No sooner had this been done, than his brothers determined to see, if indeed, he had a charmed life, and essayed successively the various means of death on the unhappy Balder, who fell a victim to their folly; aided by the cunning of Loke, who, through a stratagem which proved successful, showed how impossible it is to avert destiny.[1]
His body was placed upon a funeral pile, and his wife was burned with him. No sooner was the funeral terminated, than a fellow-god, leading a fleet steed, went to demand the body of Balder from the {281} dark goddess Hel, who replied that he should be returned if all created beings would shed a tear for him. One only refused, and Balder was doomed, to the great grief of his mother, to rest in the infernal regions.
Among the amusements of Odin, hunting forms a very important and prominent part; when the bows, arrows, and javelins were prepared by one deity; while another gilded the heavens with stars; a third protected and guided the steps of the hunters in the sacred wood; and the most successful of them received from Odin the gift of immortality.

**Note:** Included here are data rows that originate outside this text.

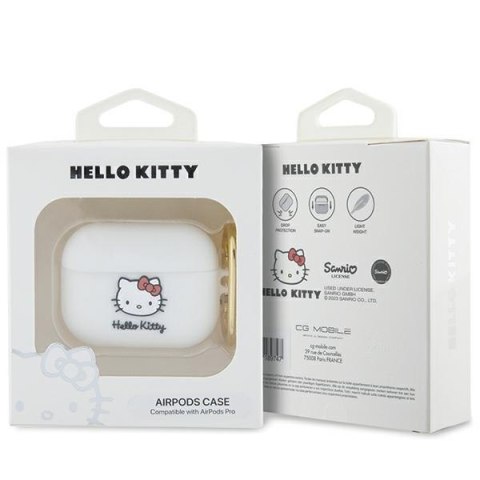 Hello Kitty HKAP3DKHSH Airpods Pro coverbiały/white Silicone 3D Kitty Head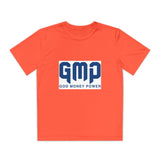 GMP "God Money Power" Youth Tee - Athletic Faith-Based Logo Shirt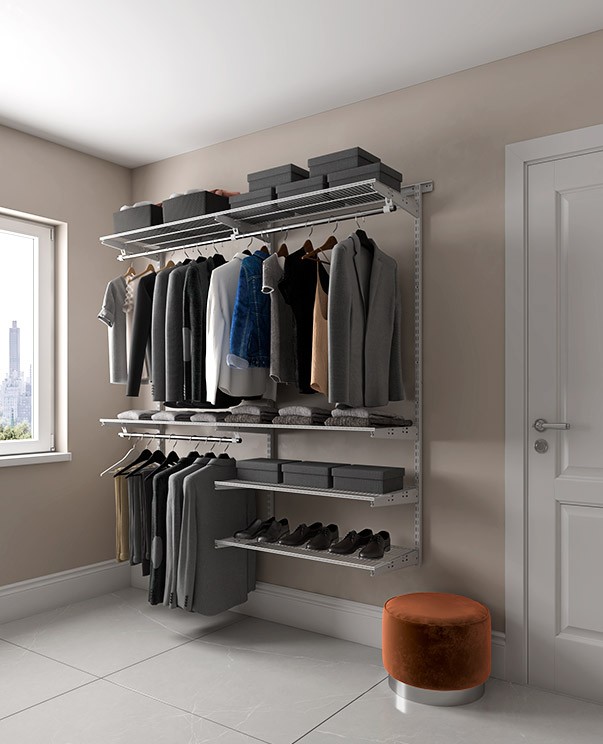 Гардеробная система Практик Home Optima G180 белая купить в Пскове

Each of the three superior deities had their respective priests, who exercised absolute authority over all that was connected with their religion, as well as presided over their sacrifices. Nor was it unusual to blend the priestly and the princely character, as in the case of Odin.

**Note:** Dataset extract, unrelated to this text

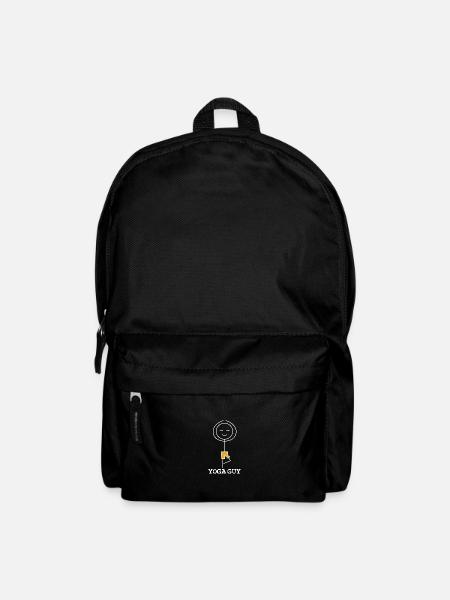 Yoga Homme Exercice de relaxation Gribouillage Sport - Sac à dos - noir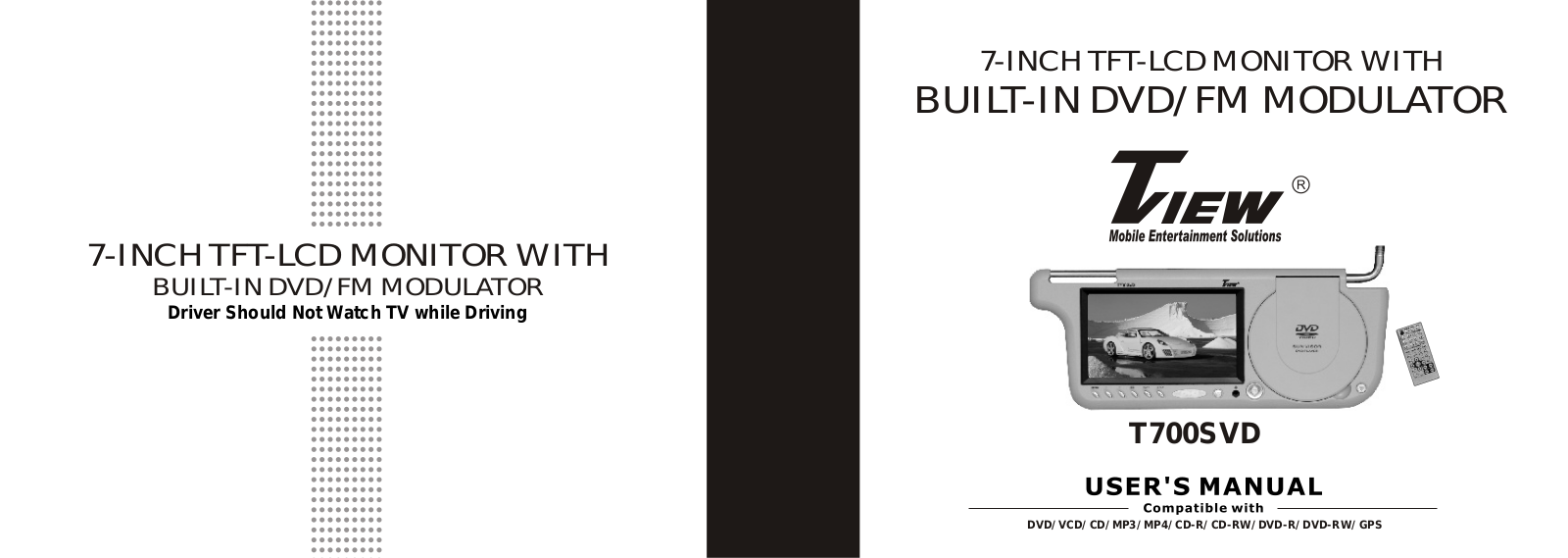 Tview T700SVD User Manual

Frigga was attended upon by king's daughters, who were entitled goddesses and prophetesses. They uttered oracles, devoted themselves to a lasting virginity, and like the vestals of the Greek and Roman mythology, kept a perpetual fire in the temple of their goddess.
"The power of inflicting pains and penalties," says Mr. Howitt, "of striking and binding a criminal, was vested in the priests alone; {282} and men so haughty that they thought themselves dishonoured if they did not revenge the slightest offence, would tremblingly submit to blows, and even death itself, from the hand of a pontiff, whom they took for the instrument of an angry deity."
The councils of the divinities were held beneath the branches of an ancient oak, whose roots spread below over a fountain of water, remarkable for the number of serpents which it harboured.
Teutates, the most celebrated of their minor deities, was the vital and acting principle of the world; to whom was attributed many of the functions which were supposed to belong to Mars, to Hercules, and to Mercury. They worshipped him under the form of a dart, when they sought his aid in battle, and under that of an oak, when they endeavoured to inspire themselves with his advice; and his fetes were kept at the hour of night, in high places, or in solemn forests, by the rays of the moon, and the flashing of torches. The field where his holy ceremonies had been celebrated, was sown with stones, and from thenceforth doomed to know no more the voice of the sower, the song of the reaper, or the gladness of harvest time.
Under very important circumstances, it was by no means unusual to sacrifice human victims to this god, which were accompanied by flashing eyes, wild cries, and fierce gestures.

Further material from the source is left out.